Stories of resilience, solidarity and survival were shared in Katoomba on May 17 to mark IDAHOT Day, the International Day Against Homophobia, Biphobia and Transphobia.
Historian Dr Shirleene Robinson recounted the personal story of a lesbian who worked in the Australian army well before gays were officially welcomed into the military in 1992.
“Julie gained the rank of corporal in the Women’s Royal Australian Army Corps. She was posted to Singapore in 1967, working on a British base, where she discovered there were many other lesbians. Her sexuality was exposed the following year when military personnel found her in bed with another woman,” she said.
“Julie was forced out of the army within a week. She appeared before a British officer and forced to write a letter admitting she was a lesbian. Given her high security clearance her superiors believed Julie’s lesbianism made her open to blackmail.
“However, Julie makes the obvious point that she would not have been vulnerable to blackmail if homosexuality were not illegal. For two years Julie lived with the stigma that other LGBTIQ [lesbian, gay, bisexual, transgender, intersex, queer] people faced in those days: being labelled psychiatrically ‘not quite right’. Not only that, but her loyalty to her country and profession were questioned. In Julie’s case, resilience resurfaced after a few years; she started studying and then working in a new profession,” Dr Robinson said.
Community activist Paul Van Reyk revisited the 1978 Mardi Gras, noting that coverage of the 40th anniversary neglected the history of the previous eight years of community-building, mobilisation and activism that made possible the response by revellers on June 28, 1978.

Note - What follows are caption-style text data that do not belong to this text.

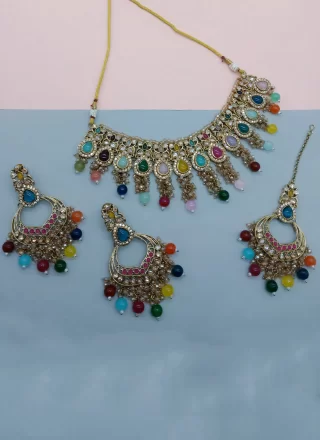 Multi Colour Beads and Stone Work Necklace Set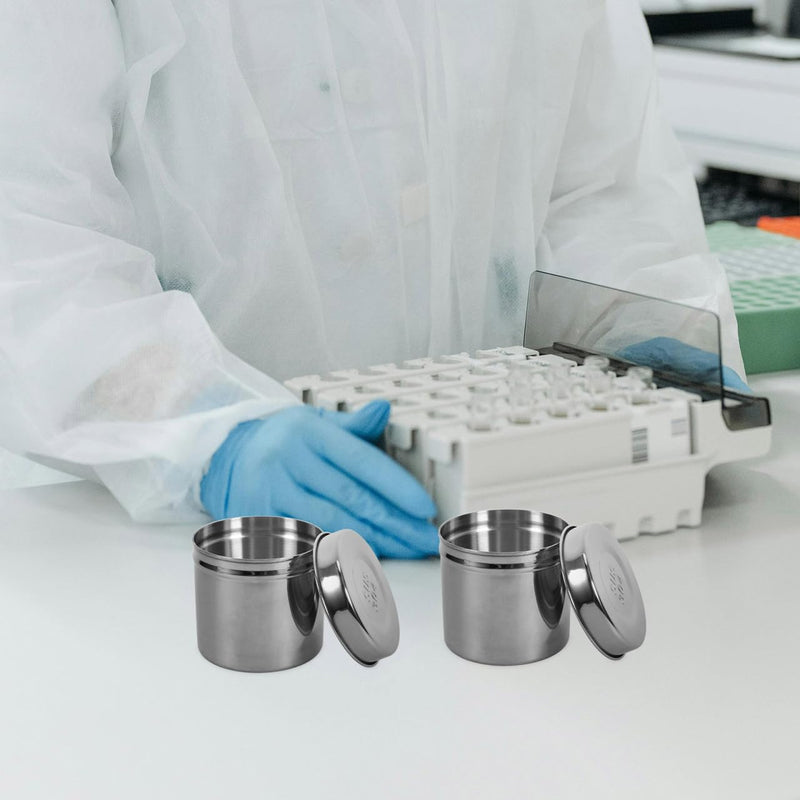 [Australia - AusPower] - 2Pcs Stainless Steel Jars Iodine Gauze Holder Iodophor Jars Stainless Steel Canisters for Hospital Home Kitchen Silver 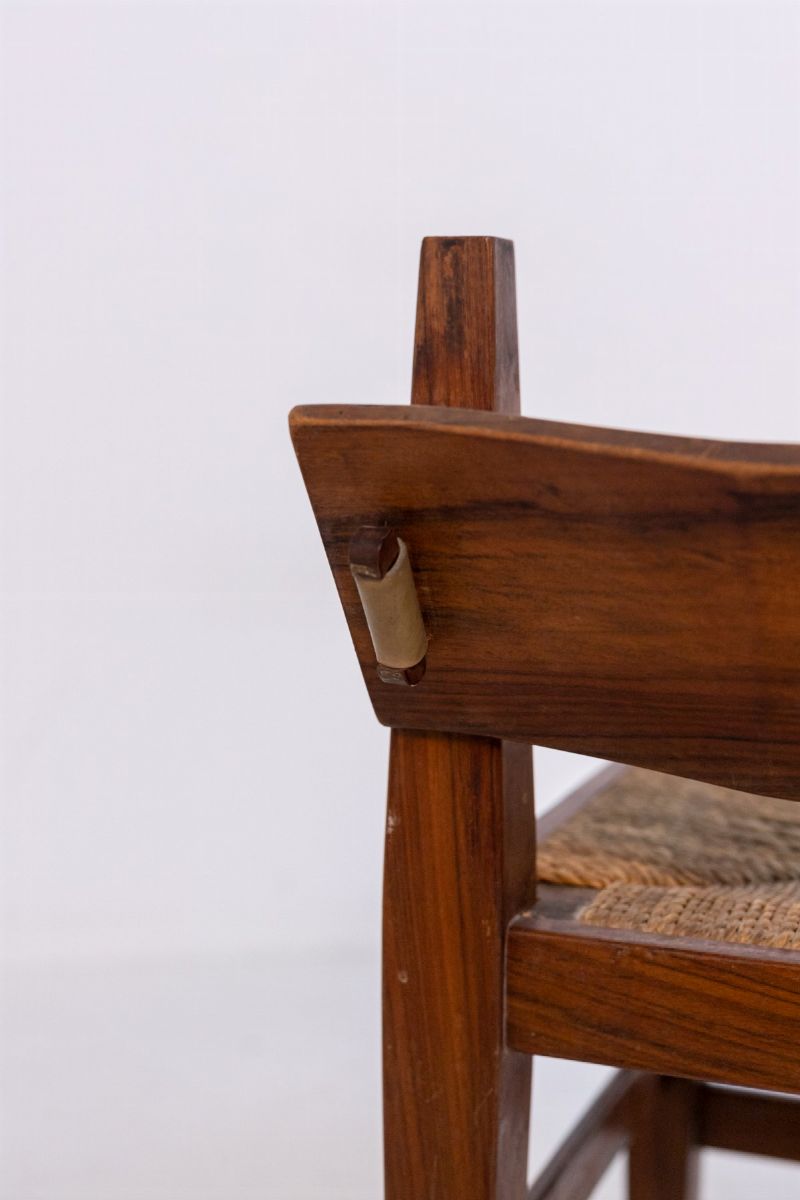 Set Of Vintage Chairs in Wood And Straw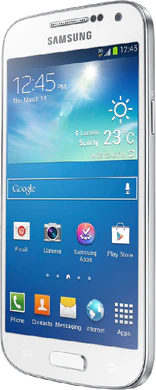 Samsung Galaxy S4 mini rechterzijkant schuin wit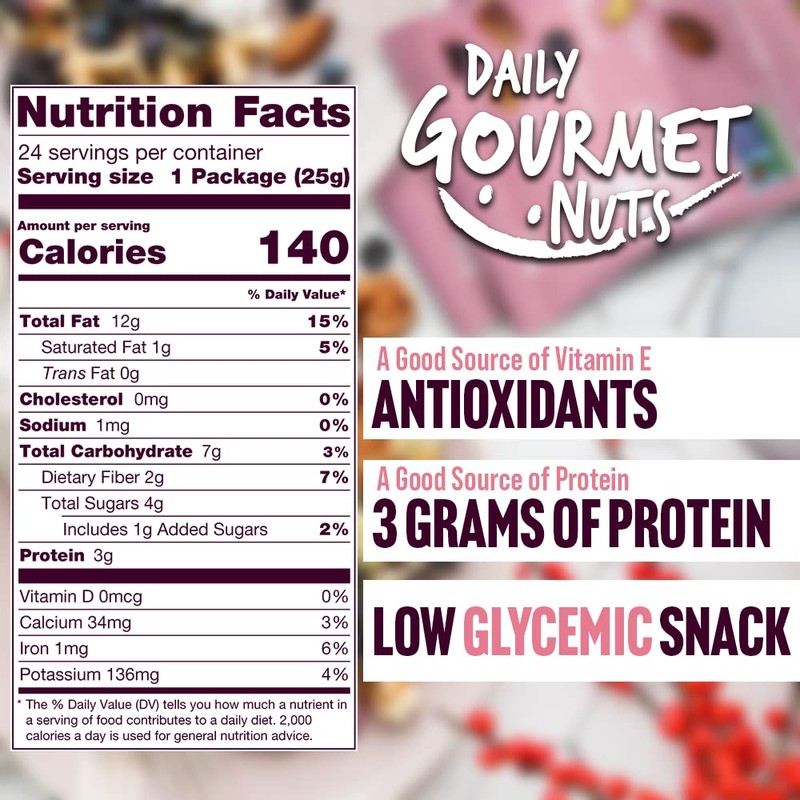 Daily Gourmet Nuts - Unsalted Mixed Nuts Snack Packs/Individually Wrapped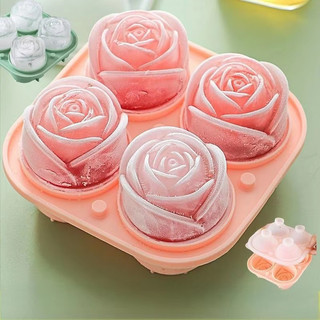 【K】Hoa hồng  Đá viên  Khuôn  4 ô  Silicone  Lưới làm đá  Sáng tạo  Nhà  Hộp làm đá  Tự làm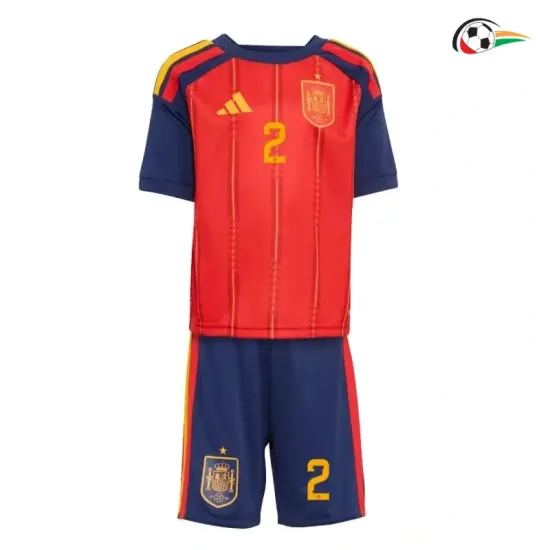 Camisa Titular Infantil Carvajal 2 España 2026 Vermelho/Azul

“What happened over those years, and what has continued to happen since, through the horror years of the aids epidemic right up to last year’s successful activism on marriage equality, is a textbook case of resilience, solidarity and survival. It was great that, in the Blue Mountains, your community and your council supported marriage equality.”
Blue Mountains councillor Romola Hollywood affirmed the council’s continuing support of IDAHOT.
“Our council, like a number of other councils in NSW, recognises the need to stand up against homophobia, transphobia and biphobia. It is vital all people who make up our wonderful Blue Mountains community feel safe, valued and included. Understanding and respecting diversity is part of the continuing story of social justice, fairness and equity,” Cr Hollywood said.
Blue Mountains’ 78-ers, Myra Hutton, Brian Coates, Genie Melone and Jan Forrester raised the Rainbow Flag to close IDAHOT 2018.